Case: 22K gold, maker's punch mark "JJB" (Jean-Joseph Barrière), charge and discharge mark Jean-Baptiste Fouache (1775-1781), Parisian guild punch mark "L" for the years 1774-1775, two later Parisian punch marks for gold 1838-1846.
Oval box, two-colour gold decoration; the cover, side and base panels geometrically and florally engraved and chased. The hinged cover centred with an oval enamel plaque depicting Cornelia, Mother of the Gracchi.
This box is illustrated and described in "Tabatières" by Solange de Plas, Paris 1974, page 36; it was part of the Kugel Collection.
Jean-Joseph Barrière was apprenticed to Charles-Nicolas-Loys Dumoussay in October 1750; in January 1763 he became a master, sponsored by Henri Delobel. Records reveal the increasing quantities of gold used by Barrière from the mid 1770s, an apparent indication of his developing business, which is further endorsed by the number of extant snuff boxes with his maker s mark dating from this time. Barrière's work was admired by his contemporaries: the Louvre owns ten examples of his work; in the magnificent collection of snuff boxes formed by Furst Carl Anselm von Thurn und Taxis there were eight boxes from his workshop, see Lorenz Seelig, Golddosen des 18. Jahrhunderts aus dem Besitz der Fursten von Thurn und Taxis, Munich, 2007. Other pieces by Jean-Joseph Barrière are held in the Louvre and in the Wallace Collection (see "The Wallace Collection, Catalogue of Gold Boxes" by Charles Truman, London 2013, pages 180-182, fig. 44; 192-193, fig. 49 and page 218, fig. 60.).
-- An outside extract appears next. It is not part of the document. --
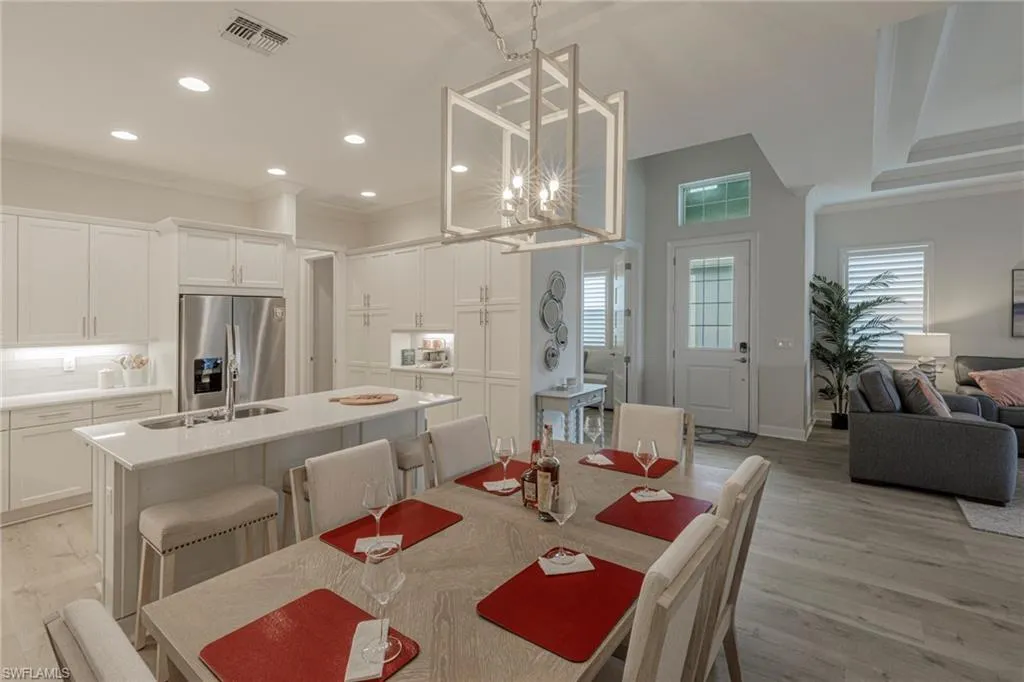 Naples, Florida 34113, United States, 2 Bedrooms Bedrooms, ,2 BathroomsBathrooms,Residential,Active,49209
Jean-Joseph Barrière obviously marked his boxes with a numbering system but did not use it for all his pieces. A box dating from 1768/69 in the Louvre bears the number 645. Another in the Wallace Collection dating from 1770/71 is marked with 771. Two others, also in the Louvre, are numbered 1015 (dating from 1772/73) and 1509 (dating from 1775/76). The numbers indicate a chronological order – the two boxes we have here date from 1772 and 1775 and bear the numbers 1046 and 1327. However, the numbers seem too far apart to suggest a strict continuity in the production. It is also possible that the numbering corresponds to individual patterns or designs.